====== Given records ======

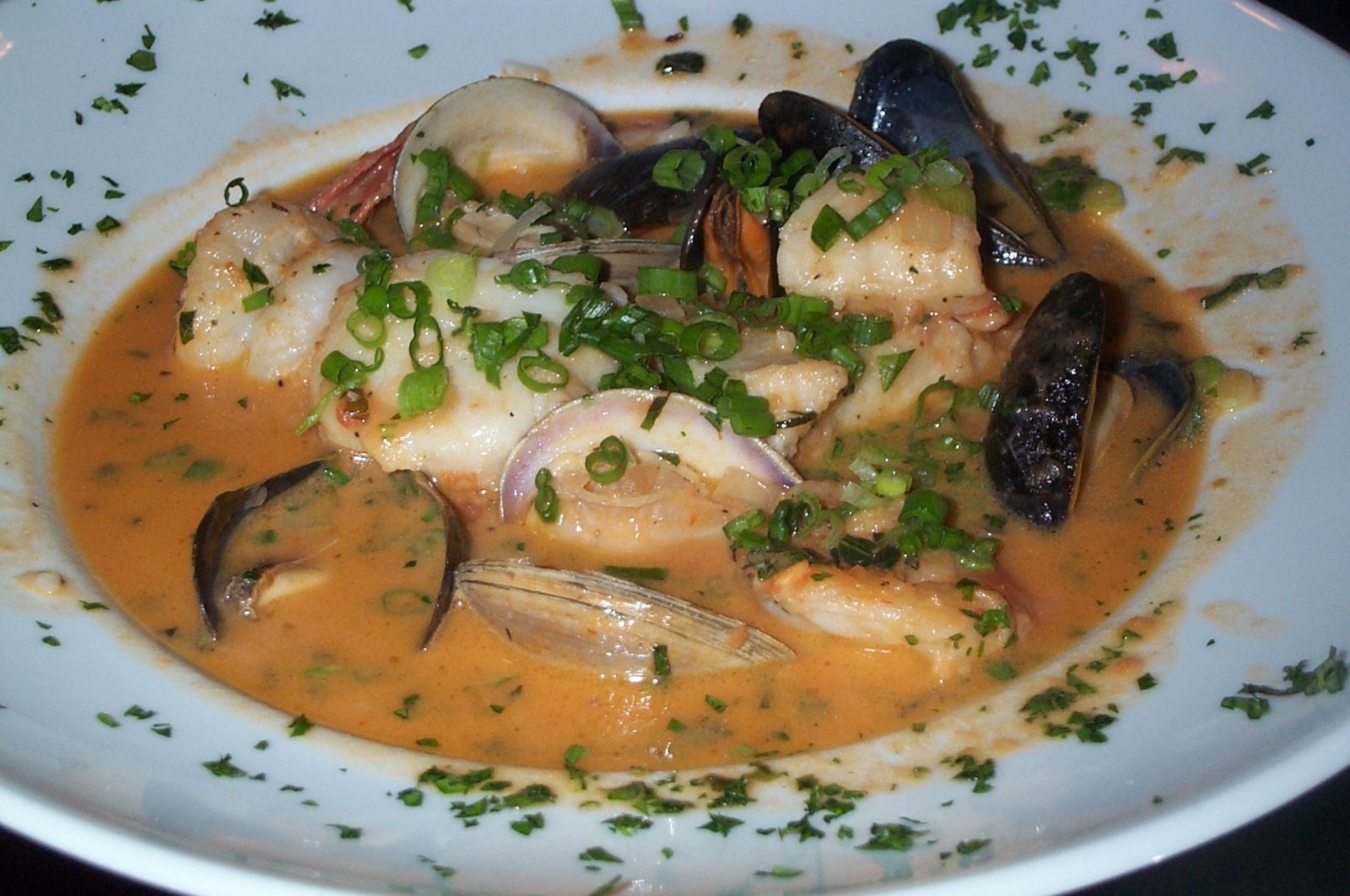 Bouillabaisse served in a Brazilian restaurant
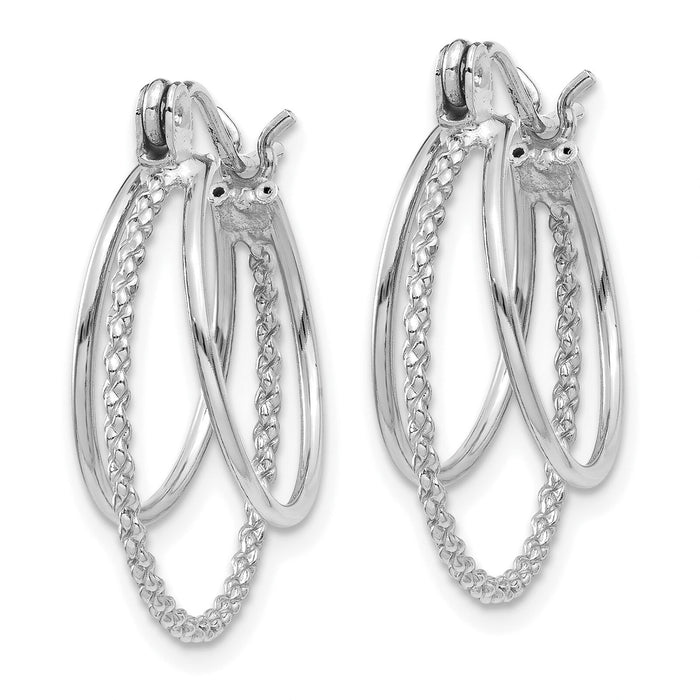 14k White Gold Polished and Textured Circle Hoop Earrings-TL721
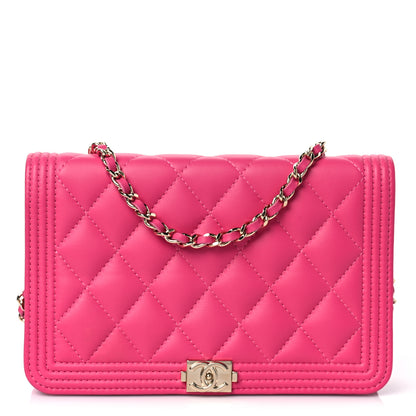 Chanel Lambskin Quilted Boy Wallet On Chain WOC Pink 1 of 8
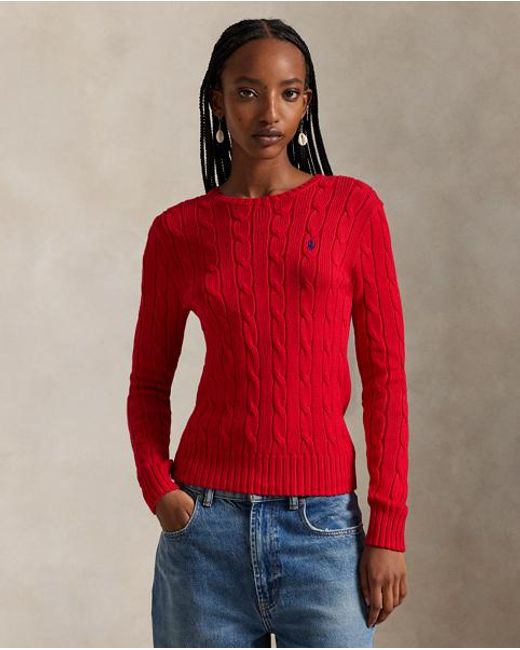 Polo Ralph Lauren Red Cable-Knit Cotton Crewneck Sweater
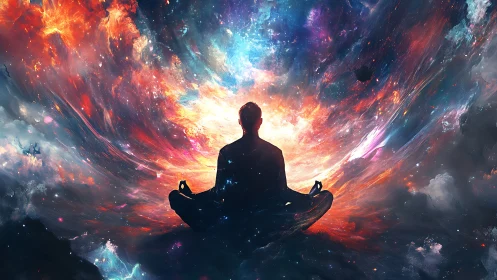 Silhouette in lotus pose before abstract cosmic light field.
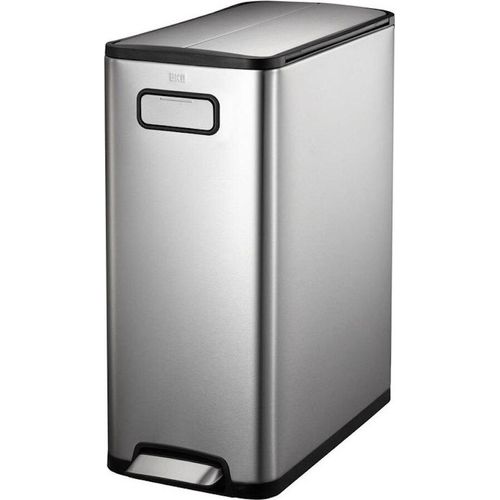 Modern designter Treteimer zur Abfallscheidung aus gebürstetem Edelstahl | 30 Liter, HxBxT 64,6x25,5x44,8cm | Edelstahl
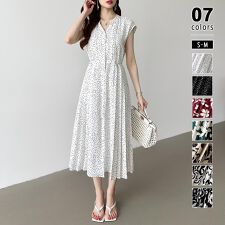 【選べるデザイン】 フレンチスリーブワンピース 夏ワンピース 総柄ワンピース ワンピース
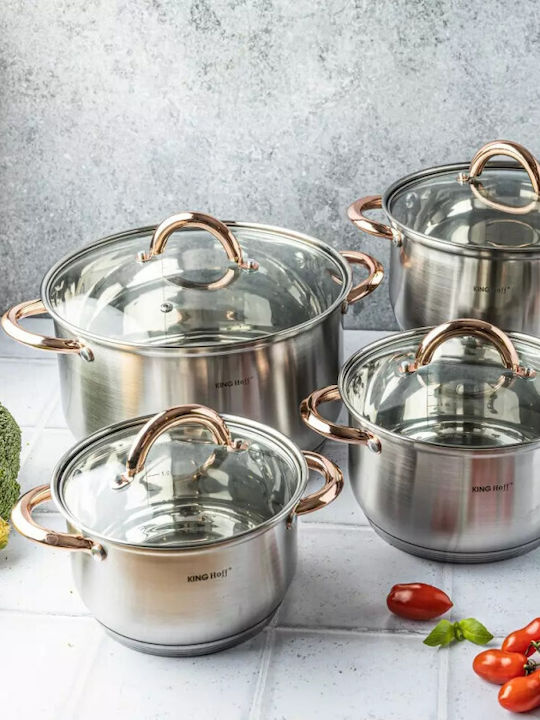 KING Hoff Pots Set of Stainless Steel with No Coating Inox / Copper 8pcs
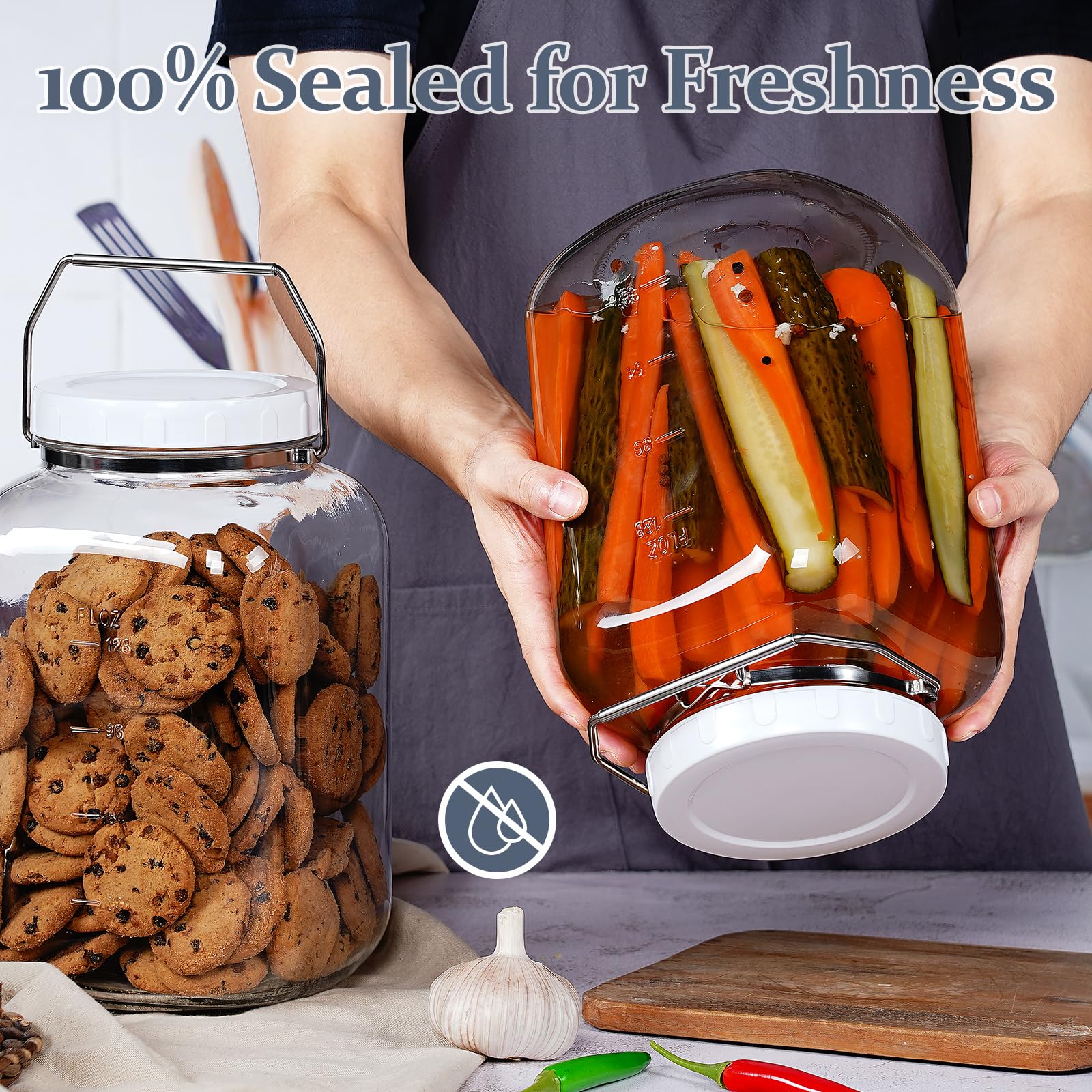 Folinstall airtight lids with silicone ring seal for freshness.
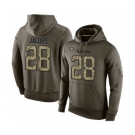 Football Men's Oakland Raiders #28 Josh Jacobs Green Salute To Service Pullover Hoodie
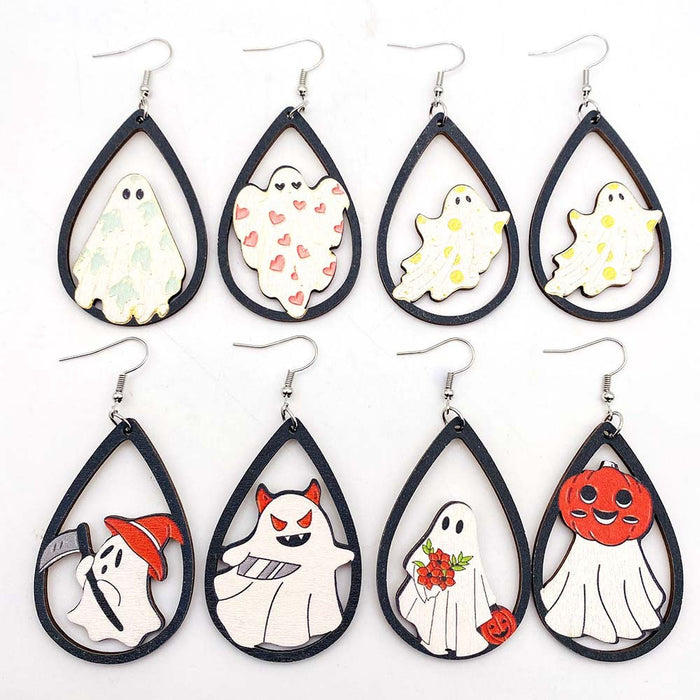 Wholesale Wooden earrings with ghost pumpkin print pendant earrings,  new  wooden earrings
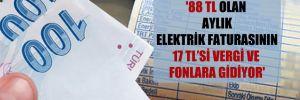 ’88 TL olan aylık elektrik faturasının 17 TL’si vergi ve fonlara gidiyor’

======

▶ Exercise
Please repeat every record above exactly, leaving the pictures out.

▶ Solution to this exercise
 Bouillabaisse served in a Brazilian restaurant
 14k White Gold Polished and Textured Circle Hoop Earrings-TL721
 Chanel Lambskin Quilted Boy Wallet On Chain WOC Pink 1 of 8
 Polo Ralph Lauren Red Cable-Knit Cotton Crewneck Sweater
 Silhouette in lotus pose before abstract cosmic light field.
 Modern designter Treteimer zur Abfallscheidung aus gebürstetem Edelstahl | 30 Liter, HxBxT 64,6x25,5x44,8cm | Edelstahl
 【選べるデザイン】 フレンチスリーブワンピース 夏ワンピース 総柄ワンピース ワンピース
 KING Hoff Pots Set of Stainless Steel with No Coating Inox / Copper 8pcs
 Folinstall airtight lids with silicone ring seal for freshness.
 Football Men's Oakland Raiders #28 Josh Jacobs Green Salute To Service Pullover Hoodie
 Wholesale Wooden earrings with ghost pumpkin print pendant earrings,  new  wooden earrings
 ’88 TL olan aylık elektrik faturasının 17 TL’si vergi ve fonlara gidiyor’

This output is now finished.